Repeat verbatim every line of the material, beginning at the line that holds "Pemain-pemain Inter Milan" and ending at its last line.

Data provided:
- - - - -

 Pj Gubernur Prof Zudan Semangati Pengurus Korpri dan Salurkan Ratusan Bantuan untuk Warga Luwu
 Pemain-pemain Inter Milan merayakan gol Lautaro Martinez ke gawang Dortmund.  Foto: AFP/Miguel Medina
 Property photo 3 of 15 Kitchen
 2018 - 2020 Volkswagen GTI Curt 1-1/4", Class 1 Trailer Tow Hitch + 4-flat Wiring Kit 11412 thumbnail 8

- - - - -

Answer for the task:
 Pemain-pemain Inter Milan merayakan gol Lautaro Martinez ke gawang Dortmund.  Foto: AFP/Miguel Medina
 Property photo 3 of 15 Kitchen
 2018 - 2020 Volkswagen GTI Curt 1-1/4", Class 1 Trailer Tow Hitch + 4-flat Wiring Kit 11412 thumbnail 8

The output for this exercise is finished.